Ma attenzione, perché questa macchina non è qui per fare scena. È qui per ucciderti.
Già, perché quando la guardi, capisci immediatamente che non è stata progettata per gente normale. La carrozzeria è interamente in fibra di carbonio, con un alettone posteriore che potrebbe tranquillamente essere utilizzato per surfare sulle onde dell’oceano. E poi, c’è il dato che tutti adorano tirare fuori: alla velocità di 300 km/h, questa follia su quattro ruote genera 1.350 kg di carico aerodinamico.
Ora, questo vuol dire, tecnicamente, che potrebbe viaggiare attaccata al soffitto di un tunnel.

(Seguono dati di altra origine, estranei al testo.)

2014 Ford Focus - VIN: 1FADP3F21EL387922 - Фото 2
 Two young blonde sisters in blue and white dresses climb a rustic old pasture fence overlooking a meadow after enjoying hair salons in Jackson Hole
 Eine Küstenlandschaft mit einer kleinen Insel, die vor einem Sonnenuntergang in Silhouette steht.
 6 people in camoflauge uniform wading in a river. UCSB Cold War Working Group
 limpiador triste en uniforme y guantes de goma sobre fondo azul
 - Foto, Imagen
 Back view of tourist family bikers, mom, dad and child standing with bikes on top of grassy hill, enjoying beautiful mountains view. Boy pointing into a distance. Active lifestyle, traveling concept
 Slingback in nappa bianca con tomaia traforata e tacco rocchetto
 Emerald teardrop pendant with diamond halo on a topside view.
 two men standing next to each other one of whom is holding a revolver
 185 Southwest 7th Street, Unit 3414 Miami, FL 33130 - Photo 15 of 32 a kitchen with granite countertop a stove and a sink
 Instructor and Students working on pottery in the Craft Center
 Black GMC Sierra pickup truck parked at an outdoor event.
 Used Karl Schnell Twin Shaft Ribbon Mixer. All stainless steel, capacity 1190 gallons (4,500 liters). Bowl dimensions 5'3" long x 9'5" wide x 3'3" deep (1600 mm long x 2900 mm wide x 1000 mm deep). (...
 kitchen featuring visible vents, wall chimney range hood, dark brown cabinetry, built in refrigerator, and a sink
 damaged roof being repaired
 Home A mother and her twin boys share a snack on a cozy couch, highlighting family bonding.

E no, non ho intenzione di verificarlo, ma se qualcuno fosse così sconsiderato da provarci, probabilmente sarebbe l’unica persona in grado di superare l’autovelox… dal lato sbagliato.
Il motore é una sinfonia di fuoco e distruzione
Dietro l’abitacolo, in posizione centrale, troviamo il cuore della bestia: un V12 da 6,3 litri, frutto del genio tutto italiano di Autotecnica Motori. Un capolavoro di ingegneria capace di sprigionare 780 CV a 9.000 giri/min.
Il cambio è un Hewland sequenziale a sei rapporti con comandi al volante, pensato per il mondo delle corse. Il che vuol dire che non esiste il concetto di comodità: ogni cambiata è brutale, chirurgica, e se non sei abbastanza veloce nel pensare, probabilmente l’auto ti lancia fuori dal finestrino in segno di disprezzo.
Prestazioni degne di un jet da combattimento
Ora, vogliamo parlare di numeri?
Da 0 a 100 km/h in 2,7 secondi.
Velocità massima: 335 km/h.
Leggere queste cifre è un conto. Sentirle sulla propria pelle è un’esperienza mistica. Ti schiaccia contro il sedile con una violenza tale che per un attimo credi di essere stato risucchiato in un buco nero.
Una pura follia su quattro ruote
L’Apollo Intensa Emozione è uno di quei rari esempi di auto che non cercano di essere civili. Non troverai sospensioni morbide, non troverai un impianto stereo degno di nota, non troverai nemmeno un minimo di buon senso. Troverai solo velocità, rumore e paura.
E, onestamente, non è questo il senso delle hypercar?